Adversarial Ideation
Generate, evaluate, and prioritize attack vectors using a structured diverge-then-converge process. This moves you from "try stuff and see what breaks" to systematic coverage of the attack space.
UX Origin
Diverge/Converge (Design Thinking) — A core pattern from Stanford d.school's design thinking process. Divergent thinking generates many options without judgment. Convergent thinking evaluates and prioritizes. Separating these phases prevents premature filtering.
Red team application: Red teamers often fixate on their first idea or favorite technique. The diverge/converge structure forces quantity before quality, surfaces blind spots through coverage checks, and applies consistent evaluation criteria.
When to Use
- At the start of an engagement (generate attack coverage)
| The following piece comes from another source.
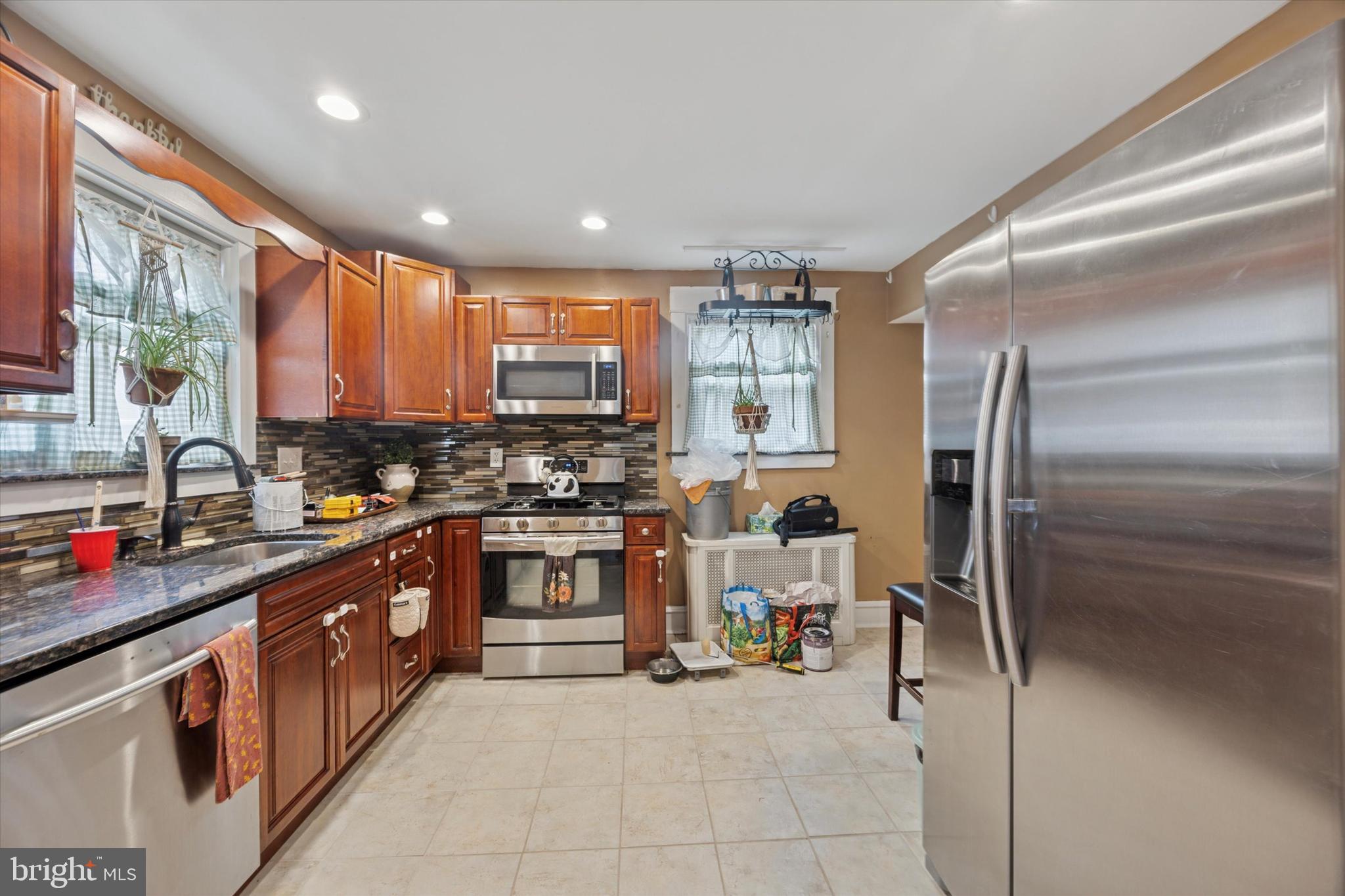 265 West Ridley Avenue Ridley Park, PA 19078 - Photo 9 of 25 a kitchen with stainless steel appliances granite countertop a sink stove and refrigerator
- When you're stuck on one approach (force divergent thinking)
- When working with a team (structured brainstorming)
- After building a persona (ideate through their lens)
Setup
| Field | Description |
|---|---|
| Target system | What model/product are you testing? |
| "How Might I" question | Frame the attack goal as an open question. (e.g., "How might I get this model to generate content it's instructed to refuse?") |
| Persona lens | Which attacker persona are you ideating as? (Change personas between rounds for coverage) |
| Time box | 10-15 minutes for divergent phase, 10-15 minutes for convergent phase |
| Participants | Solo or team (2-4 people) |
Step 1: Divergent Phase (Generate)
List attack approaches without filtering. Quantity over quality. No evaluation yet.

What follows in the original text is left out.